The Relationship of Indian art and Nature
Indian art and religious mythologies were inseparable in the ancient ages. The creativity of the artists was restricted to only producing artwork eulogizing the mightiness of heroes of folklore. Historically, nature has always been a part of the art. The prehistoric art in India and across the world proves that. Whether it be Bhimbetaka caves of Madhya Pradesh or the Lascaux Caves in the southern part of France, they both show the affinity between the creativity of man and the influence of mundane patterns on it. They show the struggle of man while surviving the harshness of nature.
Landscape paintings in the west did not depict natural surroundings as the central theme of a painting in the medieval era even though it was an inspiration behind almost every ancient art. We could say that Landscape paintings are nature savvy form of art. Gayatri Mathur beautifully traces the indulgence of the man with nature through artefacts. The Pashupatinath seal’s engravings show a human figure adorning a horned headgear and surrounded by different kinds of beasts. The seal is ascribed to the earlier forms of Lord Shiva.
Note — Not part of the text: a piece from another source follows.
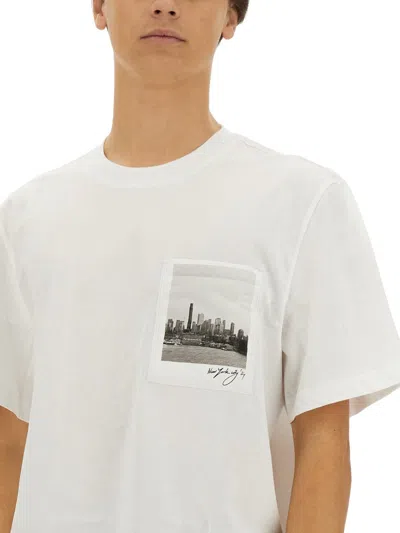 Helmut Lang Skyline Postcard Tee In White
The convoluted religion, the restricted art!
Many hymns in the Rig Veda explain the importance of environment conservation and sustainable development. Humankind is directed under his religious and spiritual obligations to protect and preserve the sanctity and purity of the umbrella of nature that houses birds, animals, reptiles, amphibians and humans in a symbiotic relationship.
Symbolism and Nature
The ancient art is also known for the depiction of the symbolism. For example, a Peepal tree, the Bodhi Tree, marked the enlightenment of Lord Buddha. It was a symbol of the ultimate truth and salvation. The much famed four lions of the lion capital of Asoka elucidate that how motifs of art and sculptures were depicted through animals. Here, a pillar is mounted by four lions in a sitting position facing the four directions. Below them are engravings of a bull, a horse, a lion and an elephant separated by Asoka Chakra or the spoked wheel.
Therefore, in one way or the other, the message of environment conservatism reverberated in Indian Paintings. With the yielding perseverance of conscious artists, the issue is getting its due from the community of painters and artists.
What is the community of artists doing?
Workshops and seminars are conducted now and then to launch the crusade for fixing the deteriorating condition of the earth. One such two-day event named DakshinaChitra was organized at Chennai in the year 2017 by Neeta Omprakash and Kathryn Myers for spreading awareness and sensitizing the participants about the environment through the medium of Indian art.
The event was attended by many socialists, artists, industrialists, eminent orators from another profession like Ravi Aggarwal who is a painter, photographer, art curator, author, and a known environmentalist, Ravi Agarwal, Maya Kovskaya, Parvathi Nayar, Veer Munshi, Lina Vincent Sunish, and Neeta Omprakash.
Among several events at the seminar, one of them was the screening of Before the Floods and exhibitions were launched. The most immersive act was the heritage walk that was conceptualized and led by Chithra Madhavan. She is a renowned historian who specializes in temples.
The organizers greeted the attendees with a welcome speech. The stage was taken over by Benny Kuriakose who works as a conservation architect. His words gave deep insight into the developments in the conservation of architecture and heritage through sustainable practices. According to him the degradation of natural surroundings and that of monuments is the result of the insensitive nature of tourists and mismanagement and miscommunication amongst the administrative officials in the tourism and monument conservation department of the government.
Another speech by Krishnaraj Chonat emphasized on triggering emotions, expressing ideas, and making a mark by titillating olfaction through paintings. This could create a bond between the spectator and the artwork and would leave a vehement impression. He said that the new media art doesn’t offer that sense of satisfaction and anticipation that is provided by contemporary art.
The audience was visibly taken aback by the arguments propounded by Charmi Gada Shah. She intertwined the art of architecture, subconscious realms of memories and reconstruction of places. She informed me that many places have been rotting slowly in the tides of time because of neglect and abandonment.
She revisits, reconstructs, and creates mapping images of the long lost places that have borne the lashes of time. Her purpose was to weave the relation of people’s memories with spaces that they have leftover time.